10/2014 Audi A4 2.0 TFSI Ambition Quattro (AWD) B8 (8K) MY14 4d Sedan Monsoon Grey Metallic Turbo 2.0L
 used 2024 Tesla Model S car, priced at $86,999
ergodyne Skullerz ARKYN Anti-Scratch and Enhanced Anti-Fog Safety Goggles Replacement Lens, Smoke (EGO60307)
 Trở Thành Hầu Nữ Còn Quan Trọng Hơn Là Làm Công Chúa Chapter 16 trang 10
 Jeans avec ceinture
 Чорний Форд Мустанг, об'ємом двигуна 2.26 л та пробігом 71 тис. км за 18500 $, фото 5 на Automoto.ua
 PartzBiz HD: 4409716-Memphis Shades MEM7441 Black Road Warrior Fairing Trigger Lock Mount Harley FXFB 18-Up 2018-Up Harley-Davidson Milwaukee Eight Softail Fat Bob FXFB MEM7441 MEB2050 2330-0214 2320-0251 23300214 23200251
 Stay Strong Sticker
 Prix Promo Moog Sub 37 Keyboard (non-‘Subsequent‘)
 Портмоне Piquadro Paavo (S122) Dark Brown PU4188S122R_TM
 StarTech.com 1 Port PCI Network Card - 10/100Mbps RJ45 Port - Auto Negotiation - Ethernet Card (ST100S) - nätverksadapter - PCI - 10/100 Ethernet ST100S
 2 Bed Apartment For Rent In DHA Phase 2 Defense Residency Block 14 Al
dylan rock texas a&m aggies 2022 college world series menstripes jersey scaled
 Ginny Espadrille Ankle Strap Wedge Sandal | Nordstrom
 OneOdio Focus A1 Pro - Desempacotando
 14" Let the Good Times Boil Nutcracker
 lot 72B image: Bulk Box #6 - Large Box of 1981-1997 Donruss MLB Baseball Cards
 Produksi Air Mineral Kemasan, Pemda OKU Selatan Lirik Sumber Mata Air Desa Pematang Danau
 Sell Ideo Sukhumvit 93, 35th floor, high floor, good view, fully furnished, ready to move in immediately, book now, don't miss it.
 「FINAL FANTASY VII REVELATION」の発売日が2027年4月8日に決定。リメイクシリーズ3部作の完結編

● **What you have to do**:
All records shown above need to be written out again verbatim.

● **Exercise solution**:
10/2014 Audi A4 2.0 TFSI Ambition Quattro (AWD) B8 (8K) MY14 4d Sedan Monsoon Grey Metallic Turbo 2.0L
 used 2024 Tesla Model S car, priced at $86,999
ergodyne Skullerz ARKYN Anti-Scratch and Enhanced Anti-Fog Safety Goggles Replacement Lens, Smoke (EGO60307)
 Trở Thành Hầu Nữ Còn Quan Trọng Hơn Là Làm Công Chúa Chapter 16 trang 10
 Jeans avec ceinture
 Чорний Форд Мустанг, об'ємом двигуна 2.26 л та пробігом 71 тис. км за 18500 $, фото 5 на Automoto.ua
 PartzBiz HD: 4409716-Memphis Shades MEM7441 Black Road Warrior Fairing Trigger Lock Mount Harley FXFB 18-Up 2018-Up Harley-Davidson Milwaukee Eight Softail Fat Bob FXFB MEM7441 MEB2050 2330-0214 2320-0251 23300214 23200251
 Stay Strong Sticker
 Prix Promo Moog Sub 37 Keyboard (non-‘Subsequent‘)
 Портмоне Piquadro Paavo (S122) Dark Brown PU4188S122R_TM
 StarTech.com 1 Port PCI Network Card - 10/100Mbps RJ45 Port - Auto Negotiation - Ethernet Card (ST100S) - nätverksadapter - PCI - 10/100 Ethernet ST100S
 2 Bed Apartment For Rent In DHA Phase 2 Defense Residency Block 14 Al
dylan rock texas a&m aggies 2022 college world series menstripes jersey scaled
 Ginny Espadrille Ankle Strap Wedge Sandal | Nordstrom
 OneOdio Focus A1 Pro - Desempacotando
 14" Let the Good Times Boil Nutcracker
 lot 72B image: Bulk Box #6 - Large Box of 1981-1997 Donruss MLB Baseball Cards
 Produksi Air Mineral Kemasan, Pemda OKU Selatan Lirik Sumber Mata Air Desa Pematang Danau
 Sell Ideo Sukhumvit 93, 35th floor, high floor, good view, fully furnished, ready to move in immediately, book now, don't miss it.
 「FINAL FANTASY VII REVELATION」の発売日が2027年4月8日に決定。リメイクシリーズ3部作の完結編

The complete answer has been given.